Ciel
Questions de vie

30 ans, pas d’enfant. Et alors?

« Alors c’est pour quand? Toujours pas envie? Oh tu verras, un jour cela viendra. »

Et bien peut-être pas.

Je ne sais pas pour vous, mais c’est un sujet que je vois revenir tout le temps en ce moment. Sur les réseaux sociaux, dans la bouche de mes collègues, dans certaines discussions entre amis ou en famille. Comme s’il fallait à nouveau se justifier sans cesse pour expliquer que ne pas être maman ou papa la trentaine passée n’était pas une hérésie, mais bien une réalité

Est-ce que le COVID-19, de par l’ennui des gens ou une certaine acidité due aux restrictions, a réorienté les discussions vers des débats de société dont on se serait bien passé ? Ou est-ce au contraire une question légitime que les personnes sont en droit de se poser, de nous poser parce que passer 30 ans, « la jeunesse s’est finie » ?

Je suis un peu dubitative sur la question. D’abord parce que je n’en comprends toujours pas l’intérêt, le raisonnement, l’objectif, appelez cela comme vous voudrez. J’ai du mal à concevoir qu’en 2021, on soit encore en train de demander à de jeunes adultes, qui parfois on fait 7 ou 8 d’études, pourquoi ils n’ont pas une « situation familiale stable » et qu’on les regarde avec jugement, dédain ou étonnement selon leur réponse ? Cela veut dire quoi d’ailleurs avoir une situation familiale stable ? Est-ce que c’est avoir un CDI, être marié et vivre dans un bel appartement ? Parce qu’on a bien vu que notre société actuelle ne voulait plus rentrer dans des cases construites par des gens qui ne sont déjà plus de ce monde. 

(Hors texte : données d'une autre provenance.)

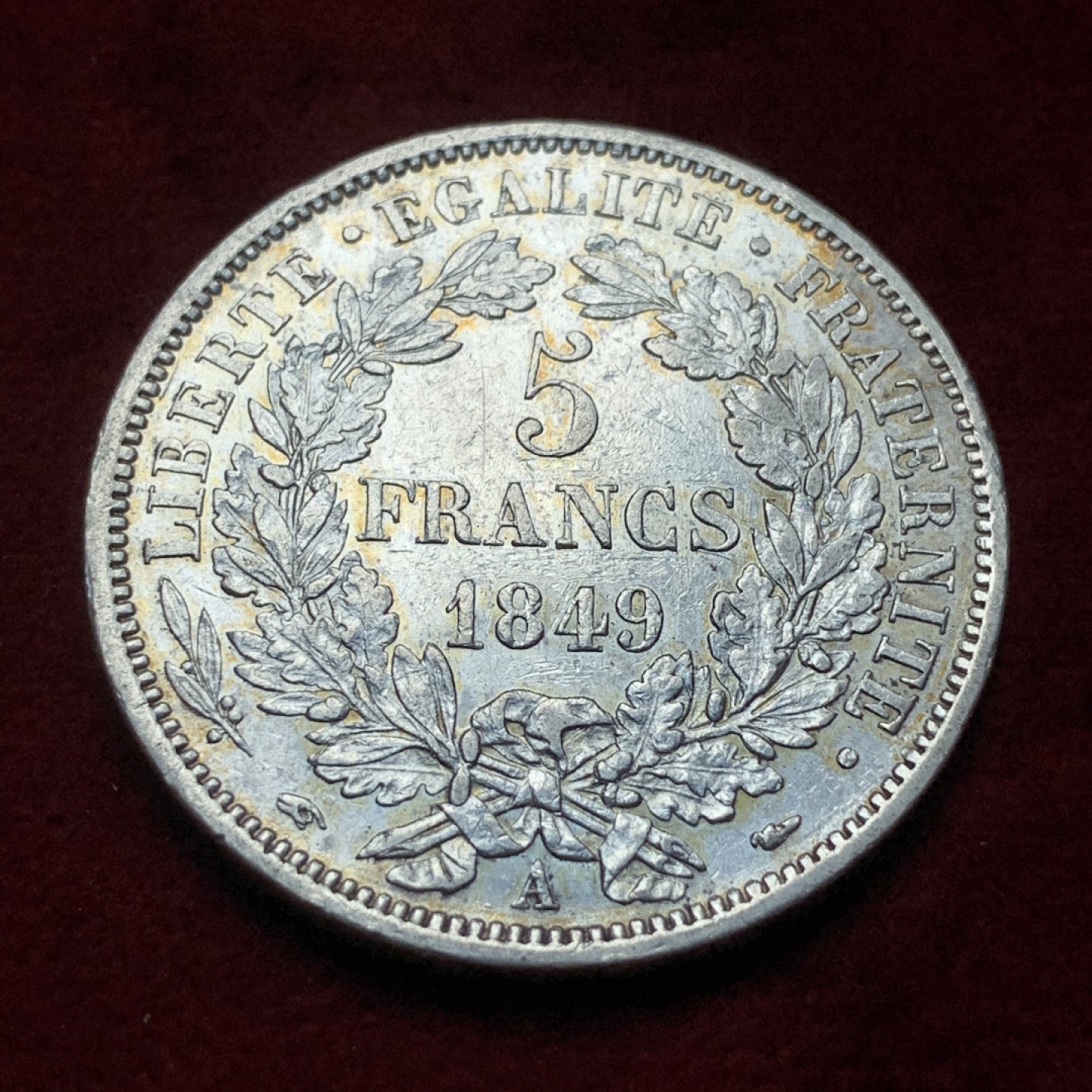 《竞宝斋》第82场-本周日，周一，周四3场拍卖（全场不限金额包邮） 法国1849年 谷物女神 5法郎 大银币 带光淡金彩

Ensuite, parce que j’ai encore du mal à concevoir pourquoi on voudrait nous faire croire que pour être heureux il faut absolument procréer un être vivant et endosser la parentalité à bras ouverts. C’est faux. Il y a des milliers de formes différentes de bonheur, propre à chaque être humain. Sans oublier qu’on met inconsciemment une claque de manière assez violente et injuste à toutes les personnes qui rêveraient d’avoir un enfant et qui malheureusement ne le peuvent pas, pour diverses raisons.

Pourtant, cette liberté de vivre sa vie comme on l’entend me parait importante à protéger, surtout maintenant, dans un monde où les limites de l’acceptable en société apparaissent de plus en plus faibles, que notre environnement s’affole, se restreint, souffre ; ou que l’on passe malheureusement la majeure partie de notre temps à courir après un bonheur fugace et artificiel qu’à prendre soin de soi-même. 

Et je trouve cela aberrant, presque scandaleux même, que l’on soit obligé encore maintenant de se justifier pour un droit qui reste le nôtre (celui d’avoir le choix) et qu’en parallèle certains soient capables de faire des leçons de morale et de manifester dans les rues pour que d’autres n’aient pas les mêmes droits, sous prétexte que le schéma parental ne devrait répondre qu’à un format. Que la normalité des uns soit imposée aux autres, comme si on devait tous vivre une vie identique, normée. 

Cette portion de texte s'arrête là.